On reading this CorpWatch account of more Wall Street goings-on, one wonders if the financial whales are getting closer to facing some meaningful penalties for their seemingly never-ending romance with derivatives.
Wall Street Giants – JP Morgan and SAC – Hauled Up On Fraud Allegations
by Pratap Chatterjee, CorpWatch Blog March 15th, 2013
2010 protest against JP Morgan. Photo: SEIU. Used under Creative Commons license
The Wall Street bank attracted Congressional interest because of a $6.2 billion loss that the company incurred last year when a trader named Bruno Iksil – nicknamed the London Whale because of the size of his financial bets – was outsmarted by a hedge fund. (See “Whale Wars: Hedge Funds Rob Banks, and the Poor Suffer Most” on CorpWatch) On Friday the company was forced to testify about how that happened after a damning Senate investigation showed that the company ignored its own risk rules, rewrote key documents and hid information from regulators.
Notably JP Morgan took federally-insured money and used it to construct a $157 billion portfolio of synthetic credit derivatives which they proceeded to gamble with. As the portfolio started to lose money, the panicked traders substituted mid-point valuations that looked more favorable.
“Chase decided to go into the fiction business and invent a new way to value its crazy-ass derivative bets, using, among other things, a computerized model the company designed itself called "P&L predict" which subjectively calculated the value of the entire fund toward the end of every business day,” writes the always succinct Matt Taibbi of Rolling Stone. “If this all sounds familiar, it's because it's the same story we've heard over and over again in the financial-scandal era, from Enron to WorldCom to Lehman Brothers – when the going gets tough, and huge companies start to lose money, they change their own accounting methodologies to hide their screw-ups, passing the buck over and over again until the mess explodes into the public's lap.”

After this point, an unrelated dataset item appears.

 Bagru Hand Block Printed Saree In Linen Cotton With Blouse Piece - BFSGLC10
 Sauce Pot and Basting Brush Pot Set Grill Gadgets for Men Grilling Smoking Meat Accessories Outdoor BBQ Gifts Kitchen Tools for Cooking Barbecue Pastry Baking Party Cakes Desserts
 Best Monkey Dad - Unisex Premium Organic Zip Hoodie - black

“The (federal investigators) told the Subcommittee that if the Synthetic Credit Portfolio were an airplane, then the risk metrics were the flight instruments,” wrote the Senate investigators. “In the first quarter of 2012, those flight instruments began flashing red and sounding alarms, but rather than change course, JPMorgan Chase personnel disregarded, discounted, or questioned the accuracy of the instruments instead.”
There is clear evidence that the federal authorities failed in their oversight duties of these risks, according to the Senate. While JP Morgan misled the Office of the Comptroller of the Currency (OCC) by not reporting the increase in the size of the portfolio, it did provide numbers that showed that the bank “repeatedly breached the its stress limits in the first half of 2011, triggering them eight times, on occasion for weeks at a stretch.” Yet nobody at the OCC appear to notice. (Later, in April 2012, risk limits were exceeded a remarkable 160 times!)

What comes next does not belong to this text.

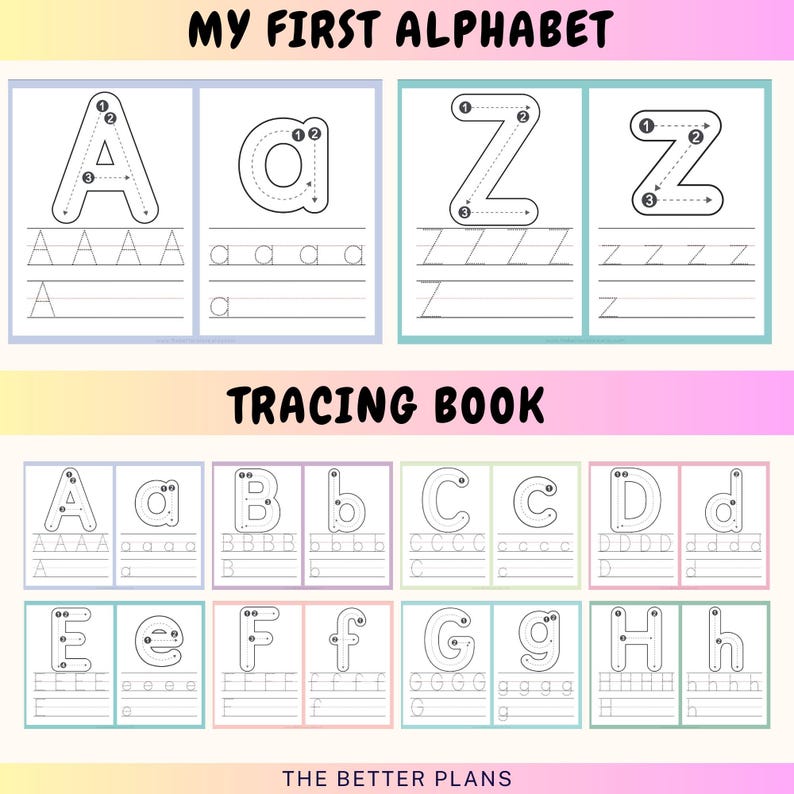 Alphabet Tracing Worksheets A-Z: Preschool Letter Sounds & Writing Practice (PDF Download) — original Etsy mockup 6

Somewhat surprisingly the person who comes through as clear-sighted is the London Whale himself. Iksil – according to the Senate report – repeatedly tried to warn his bosses about the problems but was ignored.

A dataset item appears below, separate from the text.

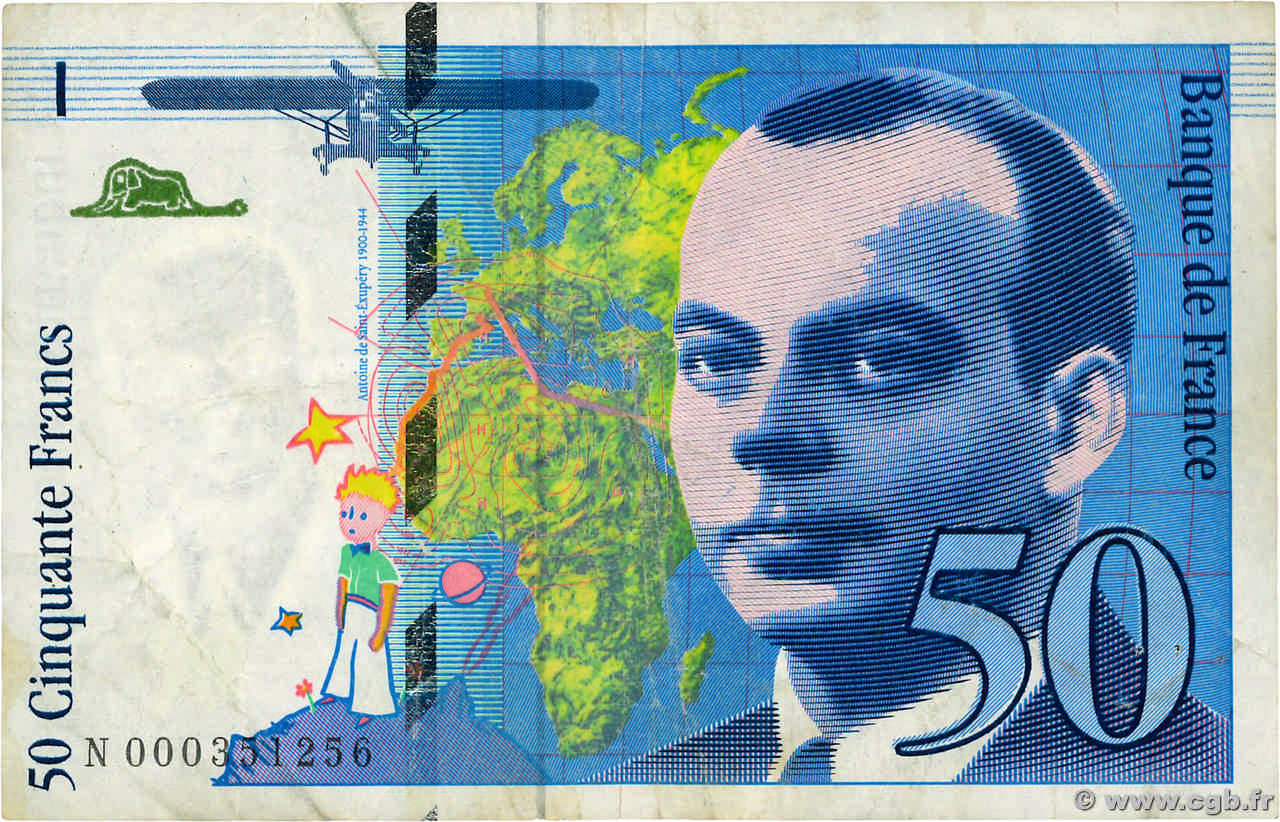 50 Francs SAINT-EXUPÉRY FRANCIA  1992 F.72.01aN BC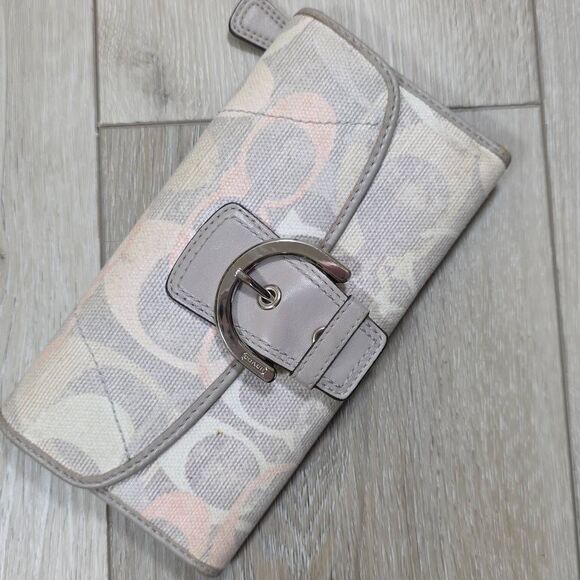 Coach Soho Signature Optic Linen North South Tote with Matching Wallet - Picture 14 of 16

“I know that you have a problem; you want to be at peace with yourself. It’s ok, Bruno, ok, it’s alright. I know that you are in a hard position here,” Javier Martin-Artajo, one of Iksil’s bosses told him at the time.
A key witness at Friday’s hearing conducted by the Permanent Subcommittee on Investigations of the Committee on Homeland Security and Governmental Affairs was Ina Drew, the former head of the chief investment office in charge of trading in London. "Things went terribly wrong," she said, blaming traders like Iksil, claiming that key facts "were not brought to my attention at the time.”
Not only did senior management claim that they had no memory of these problems, they did not mention the accounting changes in an internal bank investigation completed in January 2013. “I don’t believe we called that out in the report,” Michael Cavanagh, co-C.E.O. of JPMorgan’s corporate and investment bank, told the hearing.
Most of the settlement related to the case of Mathew Martoma of CR Intrinsic Investors (a SAC subsidiary) who approached Dr. Sidney Gilman, then a 73 year old professor at the University of Michigan, for information on a clinical trial for an Alzheimer's drug being jointly developed by two pharmaceutical companies.
At the time Gilman was chairman of a board monitoring trials of the drug. He was persuaded to sell SAC inside information ahead of time that allowed the investors to avoid $276 million in losses by selling stock as soon as they learned that the drug trials were going badly.
In addition SAC also paid out $14 million to the SEC to settle charges against Sigma Capital Management for allegedly profiting from early information about the earnings of Dell and Nvidia, two technology companies.